Adapting the Nearest Neighbours Method for Spatial Clustering

Rastin Seysan
5 min readMar 19, 2019

--

Randomly generated data plotted on Open Street Maps base

Working on a spatial analysis project recently, I needed a method to assign a series of points to clusters, where all the points in a cluster had to be within reasonable walking distance. To make this more tangible, I will use a hypothetical scenario. Alexa is an enterprising entrepreneur who predicts an increase in demand for ice cream with climate change looming large.

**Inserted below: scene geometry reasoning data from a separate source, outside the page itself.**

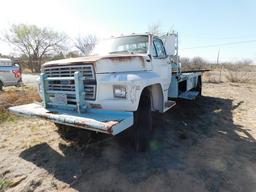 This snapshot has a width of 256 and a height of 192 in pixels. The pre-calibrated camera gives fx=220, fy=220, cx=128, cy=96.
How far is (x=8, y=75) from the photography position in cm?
1138

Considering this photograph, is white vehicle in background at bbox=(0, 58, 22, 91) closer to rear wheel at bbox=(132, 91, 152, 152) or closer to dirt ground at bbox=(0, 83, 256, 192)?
dirt ground at bbox=(0, 83, 256, 192)

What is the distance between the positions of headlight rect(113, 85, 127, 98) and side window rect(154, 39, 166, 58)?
1.96 meters

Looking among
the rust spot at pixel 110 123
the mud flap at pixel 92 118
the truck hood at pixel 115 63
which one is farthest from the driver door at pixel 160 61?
the rust spot at pixel 110 123

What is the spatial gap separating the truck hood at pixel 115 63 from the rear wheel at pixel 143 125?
540 mm

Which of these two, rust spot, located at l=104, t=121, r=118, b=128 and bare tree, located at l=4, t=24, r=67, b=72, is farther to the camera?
bare tree, located at l=4, t=24, r=67, b=72

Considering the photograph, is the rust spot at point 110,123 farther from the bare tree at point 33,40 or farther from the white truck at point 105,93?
the bare tree at point 33,40

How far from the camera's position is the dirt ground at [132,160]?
122 inches

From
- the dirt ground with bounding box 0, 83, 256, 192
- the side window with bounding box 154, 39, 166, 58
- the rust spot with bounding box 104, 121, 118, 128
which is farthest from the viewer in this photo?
the side window with bounding box 154, 39, 166, 58

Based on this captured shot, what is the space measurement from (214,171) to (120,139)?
6.25ft

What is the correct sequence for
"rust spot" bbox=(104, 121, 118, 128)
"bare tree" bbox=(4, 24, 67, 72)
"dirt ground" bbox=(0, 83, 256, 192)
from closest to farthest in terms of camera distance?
"rust spot" bbox=(104, 121, 118, 128) → "dirt ground" bbox=(0, 83, 256, 192) → "bare tree" bbox=(4, 24, 67, 72)

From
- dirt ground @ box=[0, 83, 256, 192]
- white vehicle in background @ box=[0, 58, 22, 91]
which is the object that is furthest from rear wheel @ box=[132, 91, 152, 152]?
white vehicle in background @ box=[0, 58, 22, 91]

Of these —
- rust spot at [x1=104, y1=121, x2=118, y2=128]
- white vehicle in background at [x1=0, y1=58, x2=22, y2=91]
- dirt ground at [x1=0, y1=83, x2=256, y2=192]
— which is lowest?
dirt ground at [x1=0, y1=83, x2=256, y2=192]

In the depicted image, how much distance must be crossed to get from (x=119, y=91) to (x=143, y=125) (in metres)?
0.95

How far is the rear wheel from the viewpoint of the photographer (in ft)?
13.0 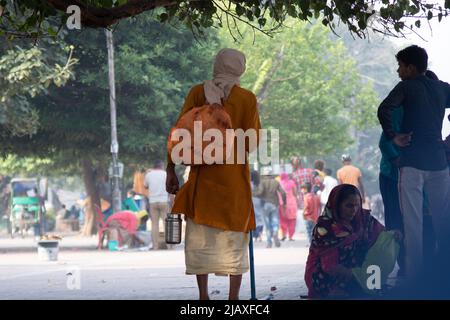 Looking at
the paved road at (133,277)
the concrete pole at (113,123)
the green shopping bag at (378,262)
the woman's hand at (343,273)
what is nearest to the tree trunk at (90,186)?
the concrete pole at (113,123)

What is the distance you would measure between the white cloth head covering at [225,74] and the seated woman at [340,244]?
205 cm

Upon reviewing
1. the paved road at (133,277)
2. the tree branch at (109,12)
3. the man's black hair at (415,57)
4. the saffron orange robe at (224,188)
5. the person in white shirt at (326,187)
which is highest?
the tree branch at (109,12)

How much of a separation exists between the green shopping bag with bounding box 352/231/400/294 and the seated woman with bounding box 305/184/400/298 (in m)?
0.07

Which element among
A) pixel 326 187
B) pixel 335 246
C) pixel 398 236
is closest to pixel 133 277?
pixel 335 246

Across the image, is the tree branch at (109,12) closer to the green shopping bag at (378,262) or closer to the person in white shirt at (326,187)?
the green shopping bag at (378,262)

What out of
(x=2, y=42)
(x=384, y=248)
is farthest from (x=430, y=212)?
(x=2, y=42)

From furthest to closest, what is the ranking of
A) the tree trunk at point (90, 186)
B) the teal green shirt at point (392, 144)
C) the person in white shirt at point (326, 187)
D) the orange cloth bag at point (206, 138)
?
1. the tree trunk at point (90, 186)
2. the person in white shirt at point (326, 187)
3. the teal green shirt at point (392, 144)
4. the orange cloth bag at point (206, 138)

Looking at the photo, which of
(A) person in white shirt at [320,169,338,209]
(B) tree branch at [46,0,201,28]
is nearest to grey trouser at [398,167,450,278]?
(B) tree branch at [46,0,201,28]

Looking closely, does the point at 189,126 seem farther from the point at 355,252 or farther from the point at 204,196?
the point at 355,252

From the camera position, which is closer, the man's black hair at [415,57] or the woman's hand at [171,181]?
the woman's hand at [171,181]

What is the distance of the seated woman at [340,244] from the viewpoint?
37.3 ft

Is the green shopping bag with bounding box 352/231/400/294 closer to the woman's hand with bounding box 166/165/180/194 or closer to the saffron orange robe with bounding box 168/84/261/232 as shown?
the saffron orange robe with bounding box 168/84/261/232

She is planning to set up multiple ice cream vans across an area but is worried that some vans may run out of ice cream, so she will need the attendants to transfer the ice cream between the vans quickly enough for it not to melt.

If Alexa has experience in clustering, one method that may immediately come to her mind is density based clustering or DBSCAN, since with DBSCAN the 𝜺 parameter controls the maximum distance allowed between a new point and the cluster, for the point to be added to the cluster. However, for a very wide cluster, two points at opposite ends of the cluster will be too far away and the attendants will not be able to transfer the ice cream between their vans. As a result, a hierarchical approach may be more suitable. But since hierarchical clustering also relies on the distance between points and clusters after the first iteration, depending on the chosen tree cut, it either produces too many small clusters or bunches many vans together that may be too far, and cannot provide the middle-ground solution that the ice cream business needs.

What Alexa’s business needs, is to have each van belong to multiple clusters; in other words, a relational structure that connects all the vans that are close enough for moving ice cream. To form this structure, a square matrix D, holding the distances between all pairs of vans deployed should be formed, where entry D(i,j) represents the distance between van i and van j. Matrix D, also known as a distance (cost) matrix should be formed based on the topology of the space, which could be walking distances on an urban road network, a geodesic or simply Euclidean. The matrix is then modified by replacing all the unacceptable distances by zeros, that is, for example, any entry higher than 800 metres will be replaced by a zero. The resulting matrix can then be used as the adjacency matrix for a weighted graph that has a connection between every two vans that are close enough for transferring ice cream.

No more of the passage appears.